Clearly, this study has some other limitations. The most evident is the low number of cases. The original research plan was to conduct a pilot study on 100 patients, however this was stopped after four months due to evident better clinical results in the group of patients whose mesh was fixed with glue. This was based on a general impression of all the surgeons involved in the study. The clinical difference between the two groups is only partially demonstrated by the objective indicators hereby reported. The second limitation is the short follow up. During the study-planning it was decided that 6 months follow up could have been a reasonable time as pain still present at 6 months is to be considered “chronic”. Our primary endpoint was then achieved. Unfortunately, 6 months could be considered a non-sufficient interval to estimate the recurrence rate, as many of them can occur in the long term. Strength of this study is undoubtedly the preoperative psychological evaluation of patients. In fact, at our knowledge, no previous randomized controlled study matched the two groups also with respect to psychological trait. It is well demonstrated that postoperative pain is affected by psychology35 - anxiety, depression and attitude culture, education, personal history, religion and this should be considered a confounding bias in the clinical researches on pain perception. In our study this bias has been eliminated.

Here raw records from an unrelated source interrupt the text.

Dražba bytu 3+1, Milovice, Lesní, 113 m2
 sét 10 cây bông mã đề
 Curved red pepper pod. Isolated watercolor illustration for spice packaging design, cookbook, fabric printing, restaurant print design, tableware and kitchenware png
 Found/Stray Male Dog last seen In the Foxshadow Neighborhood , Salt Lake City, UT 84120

This trial demonstrated once again that mesh fixation with glue causes less postoperative pain-both acute and chronic than the classical suture fixation, with similar if not better morbidity and recurrence rates. A large scale well planned double-blinded randomized controlled trial with a standardized technique and long term follow-up could give more definitive results, in particular if it entails a multivariate analysis to understand the actual weight of each single factor in the genesis of post-herniorraphy chronic pain.
The Authors would like to thank prof. Franco Ceriati, who inspired this study many years ago.
The authors declare that there is no conflict of interest.